All this might seem picky and irrelevant at a practical level. Mostly it is, except for its impact on one basic astrological technique: the solar return chart. That’s a chart set up for the moment the Sun returns to its natal position. For the school, that would be a chart set up for 4:13:11 PM-PST on March 5th in Pleasanton. A chart set for 10:00 AM the next day – our “birthday” – would be meaningless.
Here it is:
 
Solar Return charts are a staple of modern astrological practice. Our school’s birthday this month seems like a good time to introduce them. In simple terms, these “SR charts” are seen as a way of predicting the nature of your year ahead. Interested? They’re easily explored – all professional-level astrological software supports creating them.
The first thing I want to say about SR charts is that their absence from our 200-level curriculum might seem conspicuous. Why are they not part of what we teach at the school? After all, they’re the real deal. Many years ago, I used them all the time in my practice. I found them valid, but I also found that after I’d looked at a client’s transits, progressions, and solar arcs, the solar return chart didn’t actually add much that I hadn’t seen already. They were redundant, in other words, and actually less precise than our other techniques in terms of timing – everything was about “this year” rather than the way we can name actual dates with the other techniques.
As ever, all counseling astrologers face the tyranny of the one or two hour appointment versus the sheer volume of all the astrological information we have available to us.
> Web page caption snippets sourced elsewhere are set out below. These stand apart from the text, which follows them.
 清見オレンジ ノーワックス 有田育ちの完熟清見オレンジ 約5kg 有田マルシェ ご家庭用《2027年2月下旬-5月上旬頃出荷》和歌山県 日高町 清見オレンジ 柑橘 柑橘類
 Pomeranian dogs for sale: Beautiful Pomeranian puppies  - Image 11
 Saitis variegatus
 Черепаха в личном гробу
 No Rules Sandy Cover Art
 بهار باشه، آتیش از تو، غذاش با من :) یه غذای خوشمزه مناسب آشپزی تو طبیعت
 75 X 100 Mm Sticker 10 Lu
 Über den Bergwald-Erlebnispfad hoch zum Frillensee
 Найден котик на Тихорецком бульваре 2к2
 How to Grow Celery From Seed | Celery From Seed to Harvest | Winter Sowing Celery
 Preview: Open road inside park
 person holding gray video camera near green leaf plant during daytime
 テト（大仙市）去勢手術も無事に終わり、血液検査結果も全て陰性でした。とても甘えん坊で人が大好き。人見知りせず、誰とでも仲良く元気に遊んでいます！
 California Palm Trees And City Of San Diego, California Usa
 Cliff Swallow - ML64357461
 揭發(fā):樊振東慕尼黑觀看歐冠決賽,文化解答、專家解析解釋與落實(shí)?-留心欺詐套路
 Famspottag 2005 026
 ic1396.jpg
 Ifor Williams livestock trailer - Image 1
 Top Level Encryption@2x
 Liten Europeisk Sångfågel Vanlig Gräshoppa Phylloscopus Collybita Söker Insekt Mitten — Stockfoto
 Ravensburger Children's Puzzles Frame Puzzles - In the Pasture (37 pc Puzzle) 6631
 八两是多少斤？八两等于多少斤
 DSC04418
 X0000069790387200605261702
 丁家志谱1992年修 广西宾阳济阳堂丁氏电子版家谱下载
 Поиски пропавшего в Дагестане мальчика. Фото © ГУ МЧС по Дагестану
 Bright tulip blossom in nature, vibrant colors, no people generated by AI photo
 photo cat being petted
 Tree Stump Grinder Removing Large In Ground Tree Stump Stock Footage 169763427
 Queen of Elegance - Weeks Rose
In winnowing down my own arsenal of techniques to the most impactful ones, solar return charts simply fell into disuse. As ever with the school, our guiding principle is to convey to you as efficiently as possible an approach to astrology that has been effective for me personally. That involves a lot of editing! Our overriding strategy has been to first set our students on a firm professional foundation, and only then encourage them to wander off in any directions that interest them.
For some of you, that might include learning about SR charts. If they attract you, go for it! I’d be the first to admit that casting one is an eternal birthday ritual for me. The technique is valid and sometimes illuminating. I set up mine on January 6th this year and saw my Sun in the 12th house. Nine days later I came down with the flu and was sidelined “on the mountaintop” for the next month. They work!
 

Location, Location, Location

 
I always advocate setting up a solar return chart for your birth place. There’s an astrological  cottage industry that involves sending people to exotic locations for their birthdays “so they have a great solar return chart.” It’s fun, and not a totally groundless practice, but if you’re an evolutionary astrologer, there’s a serious problem with relying solely on that technique. Remember: you have your chart for a reason and that reason is always rooted in the past. If we lose sight of that, we’ve lost sight of the metaphysical heart of astrology in the process. Let’s say your solar return this year shows the Moon’s south node in the 8th house. Some painful, wounded karma is surfacing. Now let’s say you don’t like having that kind of karma, so you decide to celebrate your birthday in Hawaii – that way, your south node will be in the much nicer 5th house.
Problem solved, right?
Obviously not. All we’ve done is to use astrology as a form of denial. Again, I don’t want to totally reject the idea of setting up your SR chart for where you actually are located on your birthday – that technique tells us something, but do be careful not to lose perspective: the SR chart set for the place of birth is the deep one.
Here’s a way of keeping perspective on these two approaches. If you move to a new home many hundreds of miles from where you were born, go ahead and set up your birthchart as if you had been born there – same time, different latitude and longitude. Your Ascendant and house placements will all look different. That relocated chart won’t replace your real one, but you’ll certainly feel its effects. That new chart acts like permanent transits in your new home – as long as you live there, you’ll feel that new emphasis in your experience.
The point is that it’s exactly the same with relocated solar return charts. You’ll definitely feel their influence – just don’t let them eclipse the birthplace version of that SR chart. That’s the deep one. That’s where you’ll find the soul of the technique.
 

How Do They Work?

 
A solar return chart reflects the tone of the year ahead. Where will your energy be focused? What kinds of events, opportunities, and challenges are likely to come surfing into your life on the waves of synchronicity? As we bring our evolutionary philosophy to bear on solar return charts, we ask ourselves questions about what our soul is learning this year and how to adapt to it. We ferret out timely warnings about any karmic pitfalls that might be looming.
  • In other words, in pretty obvious ways everything you’ve been learning in our FCEA training applies to solar return charts.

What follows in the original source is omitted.